Auroras boreales en Islandia: los 15 mejores lugares para verlas en 2026
Islandia es uno de los mejores países del mundo para ver auroras boreales, y no es casualidad. Está muy al norte, tiene poca población y enormes extensiones de terreno abierto y oscuro. Menos luces artificiales y cielos inmensos marcan una diferencia brutal.
En esta guía te cuento 15 de los mejores lugares para ver auroras en Islandia. Algunos son clásicos que casi nunca fallan y otros son rincones tranquilos en los que mucha gente ni siquiera piensa. A lo largo del recorrido verás cómo influyen factores como la contaminación lumínica, la latitud, el tiempo, las nubes o lo fácil (o no) que es llegar a cada sitio. La mejor estrategia suele ser combinar lugares conocidos con otros más apartados.
Cómo elegir un buen sitio para ver auroras
No todos los lugares funcionan igual, ni siquiera en noches con buena actividad. Elegir bien puede marcar la diferencia… y también ayudarte a evitar sustos innecesarios.
Alejarse de la contaminación lumínica
La luz artificial se come las auroras débiles en segundos. No hace falta subir a una montaña, pero sí salir de pueblos y núcleos habitados. Incluso aldeas pequeñas iluminan el cielo más de lo que parece.
Tener horizonte despejado
Los espacios abiertos son clave, sobre todo si puedes ver hacia el norte. Un horizonte amplio te permite detectar las auroras antes y seguirlas mientras se mueven por el cielo.
Tiempo y nubosidad
En Islandia las nubes cambian muchísimo de una zona a otra. Es bastante habitual que la costa sur esté tapada mientras el norte o el oeste están completamente despejados. Ser flexible y cambiar de planes a tiempo puede salvarte la noche.
Accesible o remoto
Los lugares más remotos suelen tener cielos más oscuros, pero también implican carreteras más complicadas y mayor planificación, especialmente en invierno. Los sitios populares son más fáciles y seguros, aunque también más concurridos.

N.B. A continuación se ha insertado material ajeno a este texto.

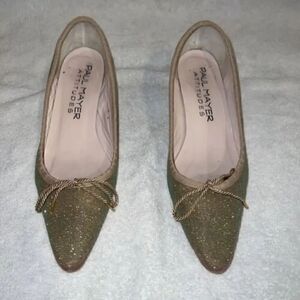 Paul Mayer Attitudes Womens Gold Sparkle Gold Kitten Heel Pumps Shoes Size 9.5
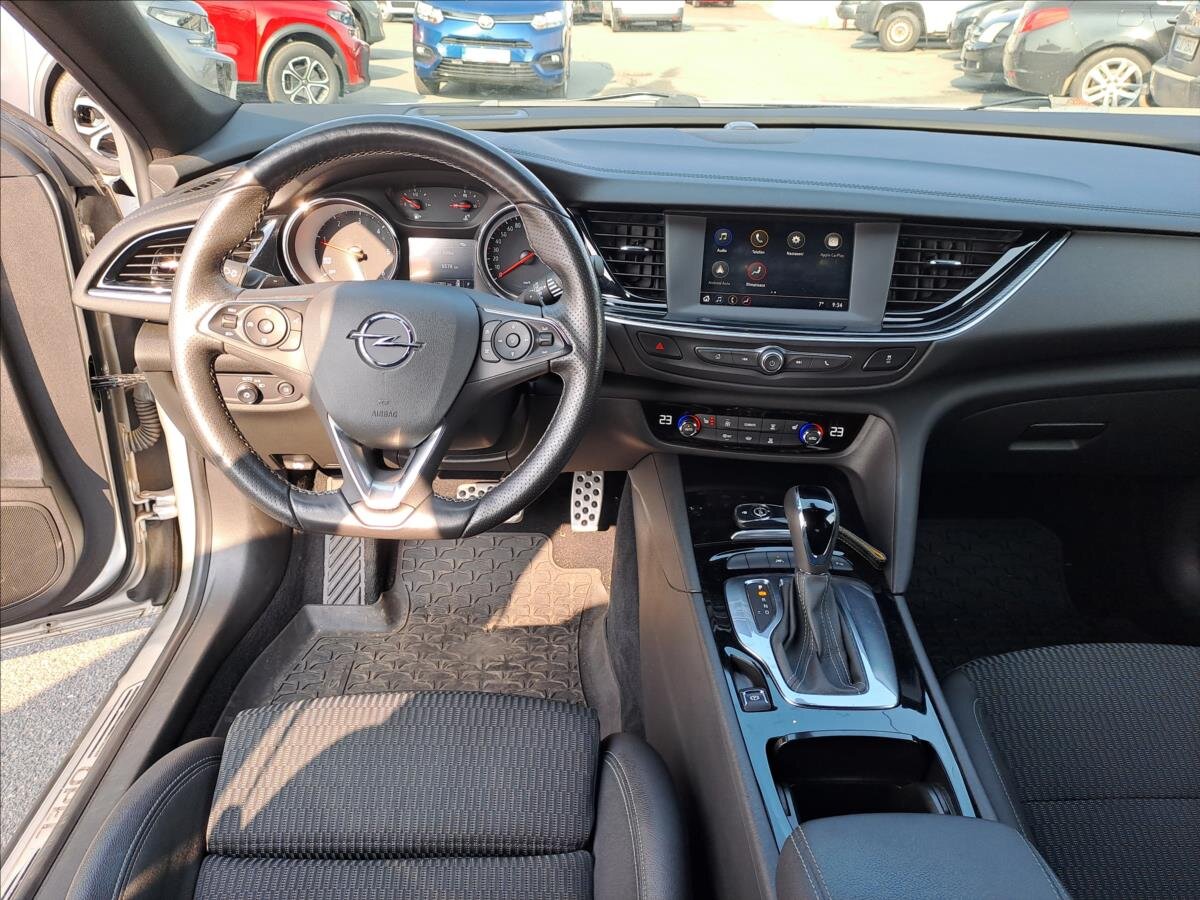 Opel Insignia Liftback 2,0 l 125 kw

8 lugares populares y fiables para ver auroras
Son populares porque funcionan. Se llega bien, suelen ser lo bastante oscuros y además tienen paisajes que hacen que la aurora se sienta aún más espectacular. Si no quieres complicarte ni meterte en carreteras difíciles, estos sitios ofrecen muy buenas probabilidades sin demasiado estrés.
1. Laguna glaciar de Jökulsárlón
Jökulsárlón está en la costa sureste, junto al glaciar Vatnajökull y a un paso de la Ring Road (Ruta 1). Parece un sitio aislado, pero en realidad es fácil llegar. La zona está muy poco habitada, así que el cielo se oscurece rápido, y la laguna ofrece vistas abiertas en todas direcciones.
En noches tranquilas, el agua actúa como un espejo. Los arcos verdes y las luces en movimiento se reflejan en la superficie, duplicando la sensación del espectáculo. Además, los icebergs de la orilla aportan un primer plano increíble sin tener que caminar apenas.
Para mejorar la experiencia, aléjate del aparcamiento principal para evitar los faros de los coches. Busca agua calmada o bloques de hielo con formas limpias que reflejen bien la luz. Aquí el viento y el tiempo cambian rápido, y la nubosidad es más importante que la intensidad del pronóstico de auroras, así que conviene revisar los mapas del Servicio Meteorológico Islandés antes de ir.

2. Diamond Beach
Diamond Beach está justo enfrente de Jökulsárlón, al otro lado de la carretera. El hielo del glaciar aparece sobre la arena volcánica negra, de ahí su nombre. El contraste es lo que hace que este lugar funcione tan bien.
La arena oscura no refleja luz y el hielo capta incluso auroras débiles, haciendo que parezcan más intensas. Los bloques con caras planas o bordes definidos suelen brillar mucho en las fotos, sobre todo con exposiciones largas. Fotografiar a lo largo de la playa suele dar mejores resultados que disparar directamente hacia el mar.
Aquí la seguridad es clave. Las olas pueden llegar mucho más lejos de lo que imaginas, especialmente de noche. Mantente bien alejado del agua y nunca le des la espalda al océano. Ninguna foto merece acercarse demasiado.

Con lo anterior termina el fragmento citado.